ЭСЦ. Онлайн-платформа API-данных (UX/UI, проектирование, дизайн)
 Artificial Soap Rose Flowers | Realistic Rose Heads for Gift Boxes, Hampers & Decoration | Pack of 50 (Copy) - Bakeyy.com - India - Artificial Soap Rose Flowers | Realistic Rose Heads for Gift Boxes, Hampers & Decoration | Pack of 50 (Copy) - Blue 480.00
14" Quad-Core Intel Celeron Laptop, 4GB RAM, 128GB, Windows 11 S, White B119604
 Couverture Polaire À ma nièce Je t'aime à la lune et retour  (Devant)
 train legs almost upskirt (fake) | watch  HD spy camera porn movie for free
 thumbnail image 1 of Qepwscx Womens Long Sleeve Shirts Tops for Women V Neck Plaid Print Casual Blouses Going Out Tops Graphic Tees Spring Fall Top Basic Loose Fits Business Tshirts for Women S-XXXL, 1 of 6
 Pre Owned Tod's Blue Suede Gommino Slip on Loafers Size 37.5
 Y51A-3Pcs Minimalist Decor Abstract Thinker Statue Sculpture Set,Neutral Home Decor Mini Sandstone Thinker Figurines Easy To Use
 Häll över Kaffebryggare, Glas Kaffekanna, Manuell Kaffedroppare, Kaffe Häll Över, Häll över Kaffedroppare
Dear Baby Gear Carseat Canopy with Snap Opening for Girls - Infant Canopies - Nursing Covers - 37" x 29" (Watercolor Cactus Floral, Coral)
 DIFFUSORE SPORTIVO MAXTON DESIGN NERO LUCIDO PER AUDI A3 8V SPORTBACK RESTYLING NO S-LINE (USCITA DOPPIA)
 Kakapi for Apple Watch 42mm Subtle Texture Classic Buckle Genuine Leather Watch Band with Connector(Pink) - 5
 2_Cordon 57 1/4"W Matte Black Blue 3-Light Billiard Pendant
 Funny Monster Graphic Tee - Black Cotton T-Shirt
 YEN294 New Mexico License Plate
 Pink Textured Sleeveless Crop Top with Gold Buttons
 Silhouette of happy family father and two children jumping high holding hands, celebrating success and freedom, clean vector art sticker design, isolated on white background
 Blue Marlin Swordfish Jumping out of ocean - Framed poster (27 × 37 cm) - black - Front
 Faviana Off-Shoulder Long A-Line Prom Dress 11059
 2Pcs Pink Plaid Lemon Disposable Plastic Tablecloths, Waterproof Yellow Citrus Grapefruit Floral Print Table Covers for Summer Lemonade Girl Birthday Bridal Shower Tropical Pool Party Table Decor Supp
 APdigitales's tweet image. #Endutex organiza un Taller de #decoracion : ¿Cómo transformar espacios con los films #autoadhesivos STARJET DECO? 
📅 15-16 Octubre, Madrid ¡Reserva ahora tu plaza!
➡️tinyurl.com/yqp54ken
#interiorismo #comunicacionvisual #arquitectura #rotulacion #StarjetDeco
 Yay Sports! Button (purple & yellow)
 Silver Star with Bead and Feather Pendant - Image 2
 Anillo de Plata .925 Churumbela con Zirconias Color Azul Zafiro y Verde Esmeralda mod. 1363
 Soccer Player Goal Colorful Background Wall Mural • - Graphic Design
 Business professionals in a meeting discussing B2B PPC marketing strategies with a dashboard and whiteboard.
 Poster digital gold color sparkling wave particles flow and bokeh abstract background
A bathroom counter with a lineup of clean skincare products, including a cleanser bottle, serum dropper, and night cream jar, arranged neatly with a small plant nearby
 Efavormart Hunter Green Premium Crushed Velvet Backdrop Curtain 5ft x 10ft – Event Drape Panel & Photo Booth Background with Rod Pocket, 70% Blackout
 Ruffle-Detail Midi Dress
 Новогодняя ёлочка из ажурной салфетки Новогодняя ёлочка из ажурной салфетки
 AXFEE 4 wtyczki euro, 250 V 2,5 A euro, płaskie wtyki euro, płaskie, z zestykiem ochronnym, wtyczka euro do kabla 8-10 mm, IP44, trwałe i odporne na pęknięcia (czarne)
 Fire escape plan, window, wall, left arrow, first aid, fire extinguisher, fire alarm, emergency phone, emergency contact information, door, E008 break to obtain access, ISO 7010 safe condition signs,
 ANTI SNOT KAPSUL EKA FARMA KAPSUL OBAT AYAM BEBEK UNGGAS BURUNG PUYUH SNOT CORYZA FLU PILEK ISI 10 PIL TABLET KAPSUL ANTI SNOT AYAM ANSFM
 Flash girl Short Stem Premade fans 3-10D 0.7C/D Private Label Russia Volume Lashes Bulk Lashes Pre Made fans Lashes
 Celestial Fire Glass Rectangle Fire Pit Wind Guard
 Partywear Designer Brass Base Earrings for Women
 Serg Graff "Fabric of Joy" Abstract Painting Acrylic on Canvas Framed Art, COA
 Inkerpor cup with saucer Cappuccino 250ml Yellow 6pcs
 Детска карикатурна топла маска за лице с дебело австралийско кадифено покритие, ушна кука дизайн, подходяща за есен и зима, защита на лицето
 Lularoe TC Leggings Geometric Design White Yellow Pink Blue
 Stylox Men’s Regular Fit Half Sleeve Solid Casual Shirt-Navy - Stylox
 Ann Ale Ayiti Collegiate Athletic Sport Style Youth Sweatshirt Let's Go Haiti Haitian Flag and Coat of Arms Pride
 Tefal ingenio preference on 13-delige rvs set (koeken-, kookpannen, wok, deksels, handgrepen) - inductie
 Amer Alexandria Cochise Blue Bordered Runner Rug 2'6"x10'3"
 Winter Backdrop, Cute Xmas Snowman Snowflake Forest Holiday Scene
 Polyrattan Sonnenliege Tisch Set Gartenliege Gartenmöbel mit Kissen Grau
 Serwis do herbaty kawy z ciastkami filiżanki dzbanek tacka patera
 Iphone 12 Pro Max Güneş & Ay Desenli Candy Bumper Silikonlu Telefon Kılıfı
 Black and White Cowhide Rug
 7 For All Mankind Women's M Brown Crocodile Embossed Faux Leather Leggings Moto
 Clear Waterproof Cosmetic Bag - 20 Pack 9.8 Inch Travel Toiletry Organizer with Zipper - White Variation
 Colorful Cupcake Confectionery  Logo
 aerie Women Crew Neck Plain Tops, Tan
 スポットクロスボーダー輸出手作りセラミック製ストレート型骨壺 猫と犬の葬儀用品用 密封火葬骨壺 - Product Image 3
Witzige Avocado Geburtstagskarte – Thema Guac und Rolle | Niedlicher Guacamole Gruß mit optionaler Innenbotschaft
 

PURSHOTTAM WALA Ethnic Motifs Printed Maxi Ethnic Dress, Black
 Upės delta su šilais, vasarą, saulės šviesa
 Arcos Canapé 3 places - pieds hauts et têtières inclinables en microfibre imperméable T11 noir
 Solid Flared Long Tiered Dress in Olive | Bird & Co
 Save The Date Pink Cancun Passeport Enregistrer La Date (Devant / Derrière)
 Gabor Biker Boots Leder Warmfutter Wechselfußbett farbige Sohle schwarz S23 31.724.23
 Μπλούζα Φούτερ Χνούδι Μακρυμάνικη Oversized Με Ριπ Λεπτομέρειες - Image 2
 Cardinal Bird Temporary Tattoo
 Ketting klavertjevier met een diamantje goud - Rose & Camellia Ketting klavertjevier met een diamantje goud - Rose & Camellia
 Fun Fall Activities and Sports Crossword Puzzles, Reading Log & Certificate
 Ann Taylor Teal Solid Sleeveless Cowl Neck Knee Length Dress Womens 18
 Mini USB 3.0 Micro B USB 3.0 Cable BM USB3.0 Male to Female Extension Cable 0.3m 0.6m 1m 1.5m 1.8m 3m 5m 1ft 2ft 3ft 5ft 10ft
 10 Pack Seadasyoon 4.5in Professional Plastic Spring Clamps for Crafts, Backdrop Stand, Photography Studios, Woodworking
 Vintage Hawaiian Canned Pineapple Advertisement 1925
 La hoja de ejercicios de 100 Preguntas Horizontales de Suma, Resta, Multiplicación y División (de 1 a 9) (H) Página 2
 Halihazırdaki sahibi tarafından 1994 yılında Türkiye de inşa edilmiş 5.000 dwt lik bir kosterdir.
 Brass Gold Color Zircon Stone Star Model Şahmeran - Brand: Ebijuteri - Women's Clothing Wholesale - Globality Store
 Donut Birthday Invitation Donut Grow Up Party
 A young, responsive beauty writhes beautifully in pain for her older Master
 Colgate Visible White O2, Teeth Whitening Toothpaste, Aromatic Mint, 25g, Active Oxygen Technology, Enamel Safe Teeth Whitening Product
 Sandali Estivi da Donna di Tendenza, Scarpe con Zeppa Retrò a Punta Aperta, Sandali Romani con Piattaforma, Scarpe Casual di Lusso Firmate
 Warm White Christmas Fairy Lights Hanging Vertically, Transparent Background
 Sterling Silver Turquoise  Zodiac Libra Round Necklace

§

Directions for this task:
Scan the records above and show every line in which the word "Fall" occurs.

Exercise response:
 thumbnail image 1 of Qepwscx Womens Long Sleeve Shirts Tops for Women V Neck Plaid Print Casual Blouses Going Out Tops Graphic Tees Spring Fall Top Basic Loose Fits Business Tshirts for Women S-XXXL, 1 of 6
 Fun Fall Activities and Sports Crossword Puzzles, Reading Log & Certificate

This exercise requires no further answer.